We suspected that the inaccurate estimates using the Weibull distribution were due to inaccuracies in estimating the shape parameter \(\gamma\), which is assumed constant across all time intervals. Indeed, \(\gamma\) was often under-estimated as seen in Figure 3. Values of \(\gamma\), however, were similar for both methods except when there were three change-points (Figure 3c), in which case the estimates of \(\gamma\) using the inverse hazard method were closer to the known value of two. We were unable to estimate \(\gamma\) for the simulations using the memoryless method when there was a sample size of 50 (Figure 3d).

graphic without alt text graphic without alt text
  1. One change-point.
  1. Two change-points.
graphic without alt text graphic without alt text
  1. Three change-points.
  1. Four change-points.
Figure 3: Estimated values of shape parameter γ for the Weibull distribution. Dots indicate the average estimated value for each simulation scenario with the vertical lines representing the 95% CI. The solid horizontal line represents the known value of γ. This plot demonstrates inaccurate estimates of γ for both simulation methods except when there are three change-points, in which case the estimates are more accurate using the inverse hazard method.

5 Summary

The R package cpsurvsim provides implementation of the standard method of simulating from a distribution, using the inverse CDF, and a new method that exploits the memoryless property of survival analysis. When simulating from the exponential distribution with multiple change-points, these methods have comparable performance. Simulating multiple change-points from the Weibull hazard, however, suggested that the inverse hazard method produces more accurate estimates of the change-points \(\tau_i\). The accuracy of the exponential simulations suffered when the sample size was less than 500 whereas in some cases, simulations of the Weibull distribution had worse accuracy with a sample size of 500. In practice, change-point hazard models are often applied to data from large longitudinal cohort studies where the sample size is very large (e.g., (Goodman et al. 2011) and (Williams and Kim 2013)). These results suggest that larger sample sizes are preferred when using an exponential model but to use caution even with a large sample when using the Weibull model. We hope that having an R package for simulating data from multiple change-point hazard distributions will aid in the development of extensions and alternatives to our research on tests for multiple change-points (Hochheimer and Sabo 2021).

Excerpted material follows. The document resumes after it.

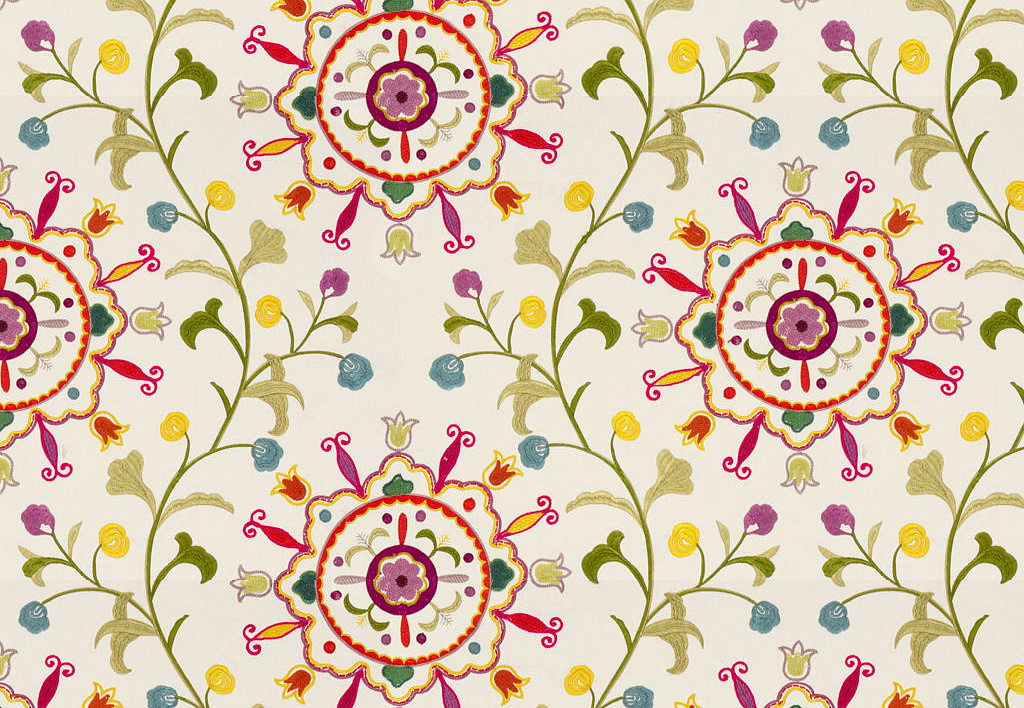 Ткань Kravet Modern Colors Festival 33073/1012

The inspiration to develop the memoryless simulation method and test it came from observing the shortcomings of the inverse hazard method in our research. The memoryless method performs better in some simulation scenarios, which led us to implement both methods in this R package. This simulation study, however, suggests that in the majority of cases the inverse hazard method simulates values of \(\tau_i\) more accurately. Our simulation study also highlighted accuracy issues with both methods when simulating data from sample sizes of 50 or 100, which we suspect are due to using a relatively small amount of data to estimate several model parameters. One should consider exploring other methods to simulate a multiple change-point distribution with a small sample size. The acceptance-rejection method, for example, may produce more accurate parameter estimates at the cost of more computational time needed to reach the desired sample size, a cost that might be worthwhile if the sample size is smaller to begin with (Rizzo 2007). Alternatively, one might run a simulation study to determine which of these two methods is best suited for their specific parameters.

An important limitation of the exp_cdfsim and weib_cdfsim functions is that they only accommodate up to four change-points. While it’s possible to have more than this many change-points in a dataset, it’s also important to make sure that there is a meaningful interpretation for multiple change-points. Also, cpsurvsim only accommodates type I right censoring. For the Weibull distribution, \(\gamma\) is assumed fixed for every interval between change-points. In our simulation study, we only estimated an overall value of \(\gamma\) due to convergence issues when trying to estimate it within each interval between change-points. In an effort to be concise, the accuracy of the scale parameters \(\theta_i\) are not discussed here, however, in some cases this parameter may be of more interest than the change-point \(\tau\). Thus, we briefly discuss these results in the appendix. Future versions of cpsurvsim could incorporate additional features such as accommodating informative censoring.

6 Acknowledgments

Thank you to Dr. Sarah Ratcliffe for her guidance and for assisting with running these simulations.

7 Appendix: Analysis of scale parameters

While the change-points can be estimated without knowing the values of the scale parameters, the reverse is not possible. Thus, we used the estimated values of the change-points in order to estimate values of \(\theta_i\). As the number of change-points increased, so did the difficulty in estimating values of \(\theta_i\), especially with a smaller sample size.

With a few exceptions, the estimates of \(\theta_i\) for the exponential distribution were similar between both methods (Figure 4). These exceptions were \(\theta_2\) in the two change-point (Figure 4b) and three change-point models (Figure 4c), where the memoryless method with a sample size of 100 had a much larger proportion of bias. We were only able to estimate the shape parameters for the four change-point model when the sample size was 500.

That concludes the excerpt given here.